§ **Instructions for the task**
Exactly the lines from the one with "Load image into" through the end of the records below are needed, minus any pictures.

-=-=-

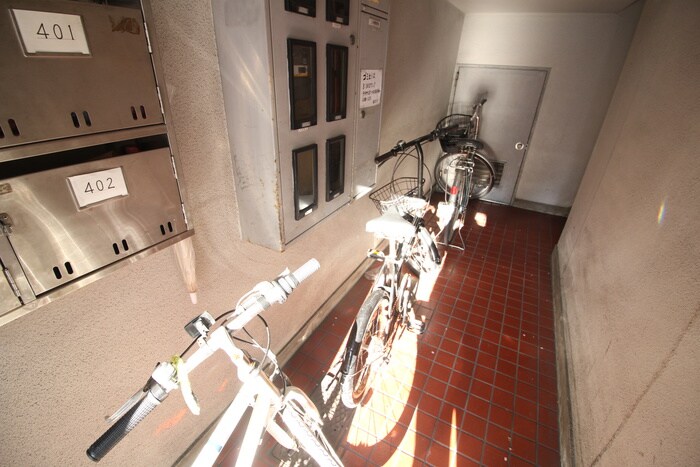 物件外観写真3　(駐輪場)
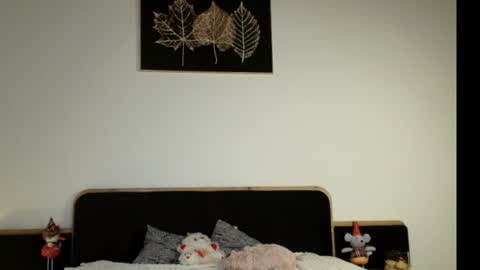 Cherry online show from March 18, 7:24 am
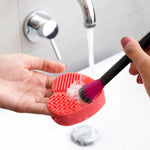 Make-up Brush Cleaner Heart InnovaGoods product packaging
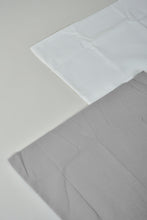 Load image into Gallery viewer, Grey And White Pillowcase Set (4 Piece)
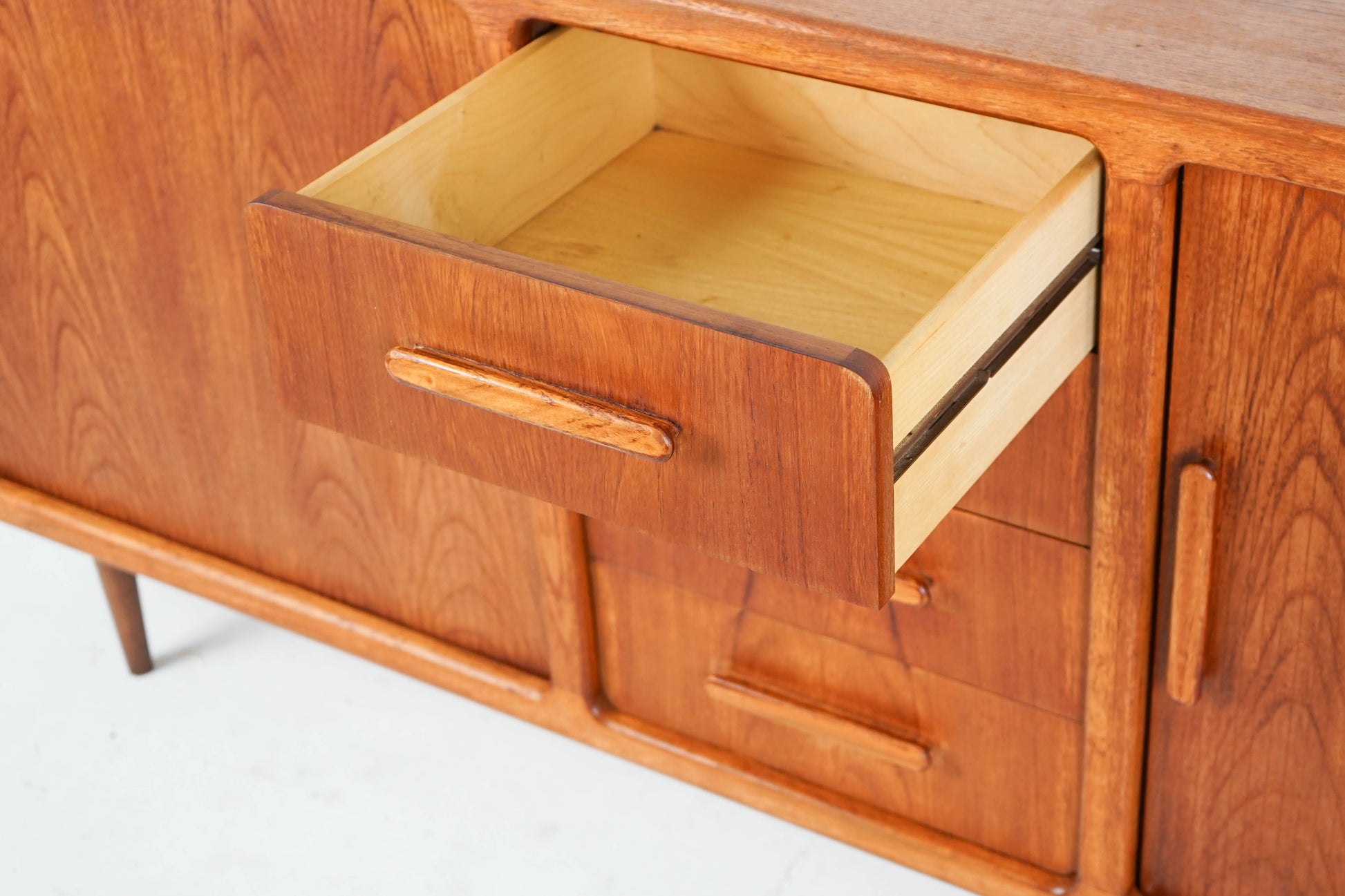 Vintage Sideboard Teak Vinyl Schrank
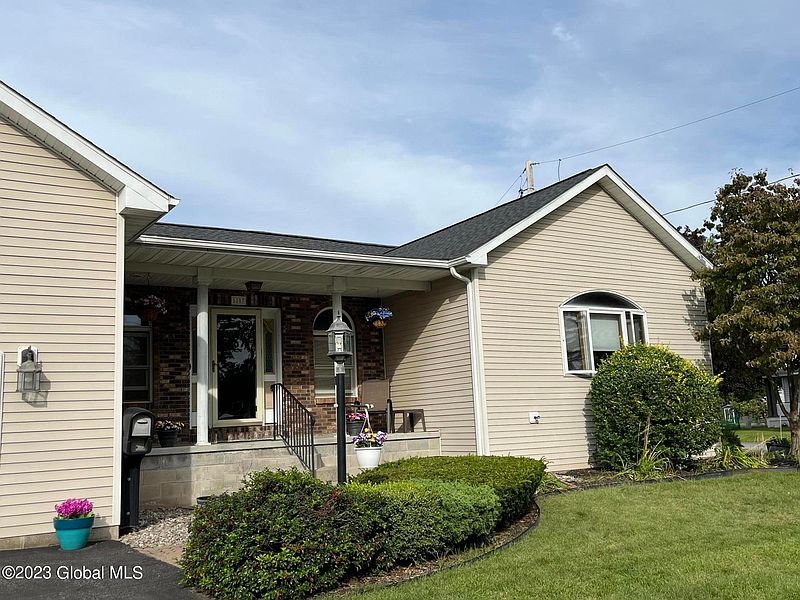 2nd image of 1107 Laura Street
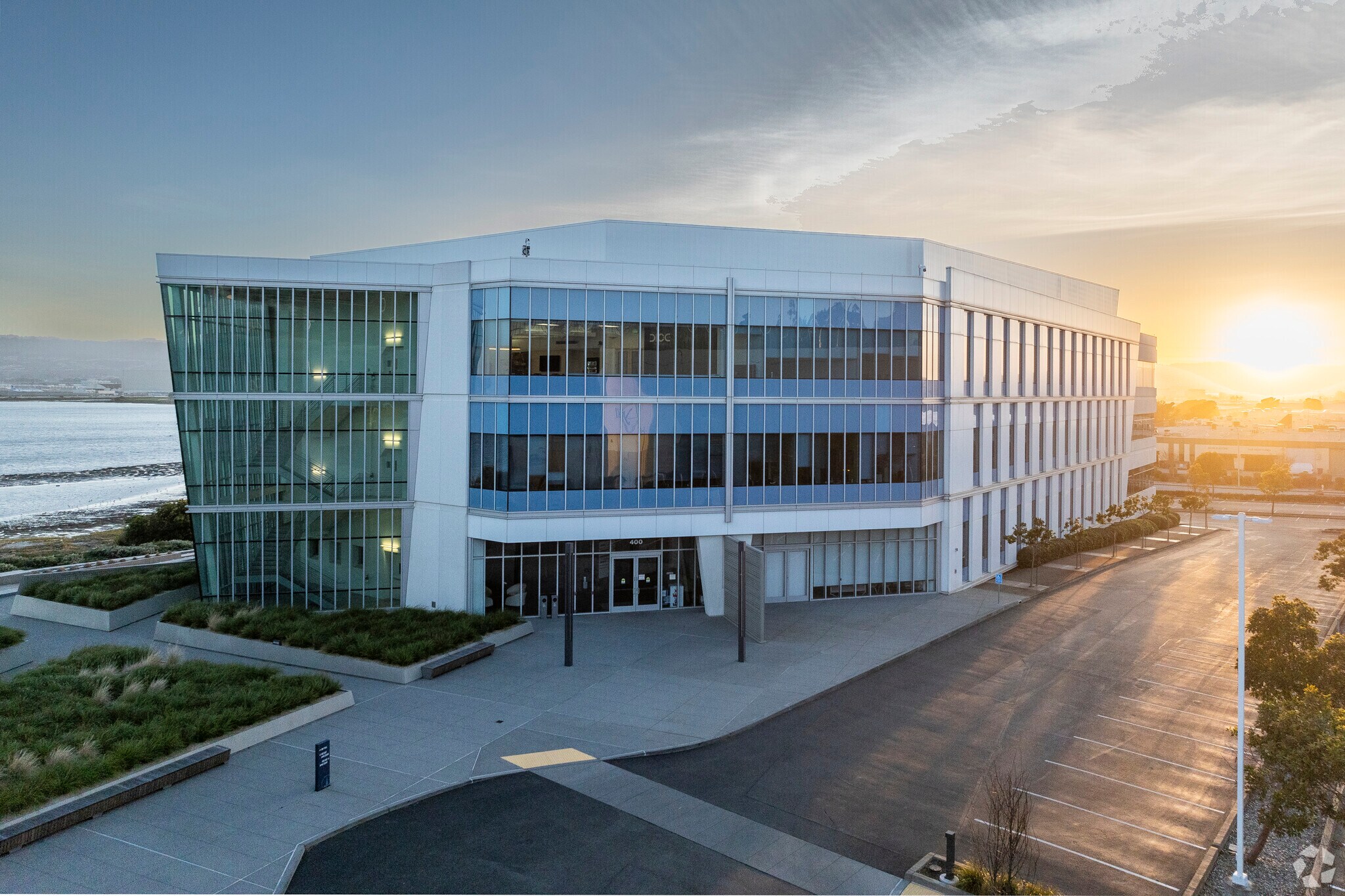 400 E Jamie Ct, South San Francisco, CA for lease Primary Photo- Image 1 of 9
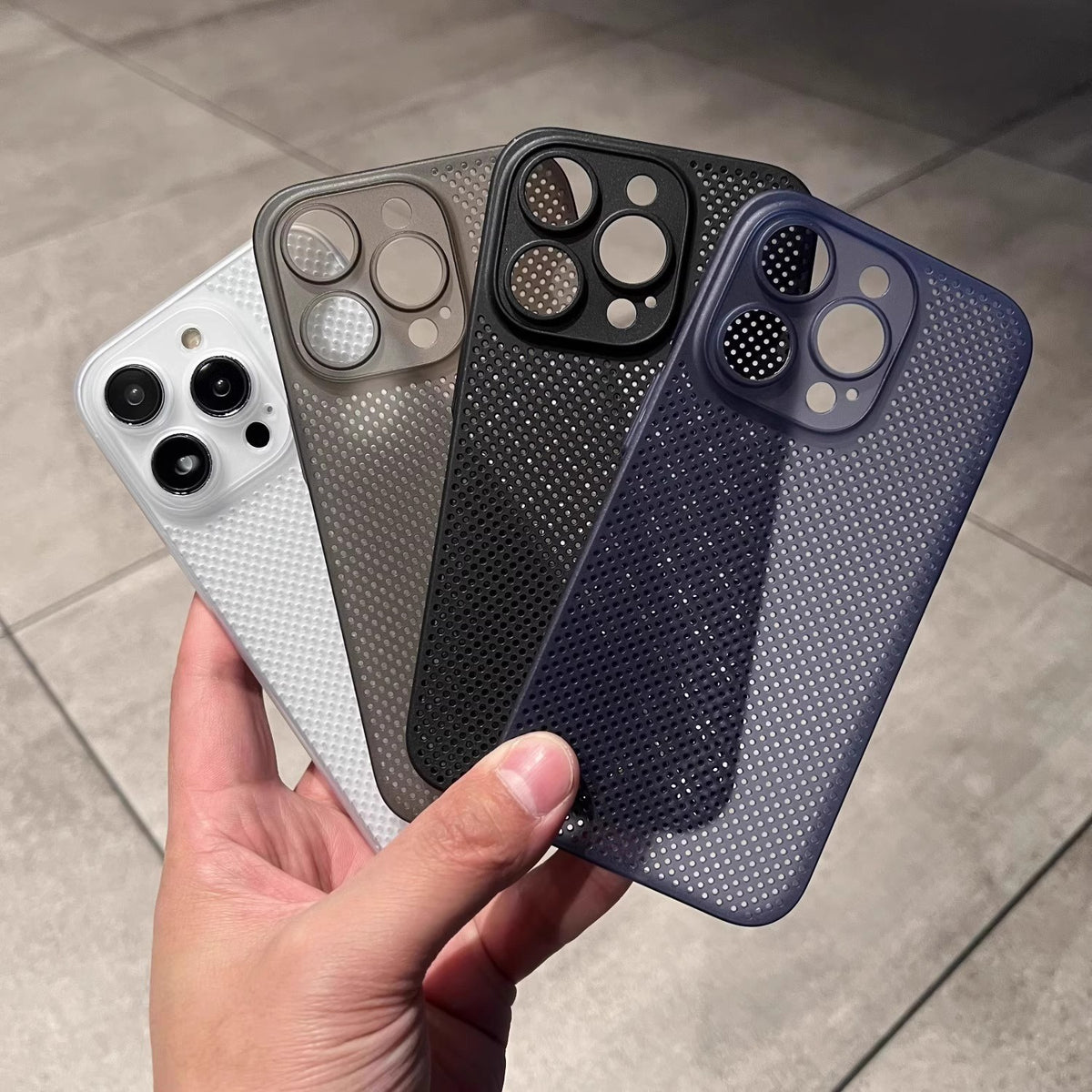 Cover per iPhone Ultra Leggera 10 g – Custodia Slim in PP Opaco, Sottile e Traspirante con Fori di Ventilazione – CS12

-=-=-

§ **Exercise response**
 Load image into Gallery viewer, Grey And White Pillowcase Set (4 Piece)
 Vintage Sideboard Teak Vinyl Schrank
 2nd image of 1107 Laura Street
 400 E Jamie Ct, South San Francisco, CA for lease Primary Photo- Image 1 of 9
 Cover per iPhone Ultra Leggera 10 g – Custodia Slim in PP Opaco, Sottile e Traspirante con Fori di Ventilazione – CS12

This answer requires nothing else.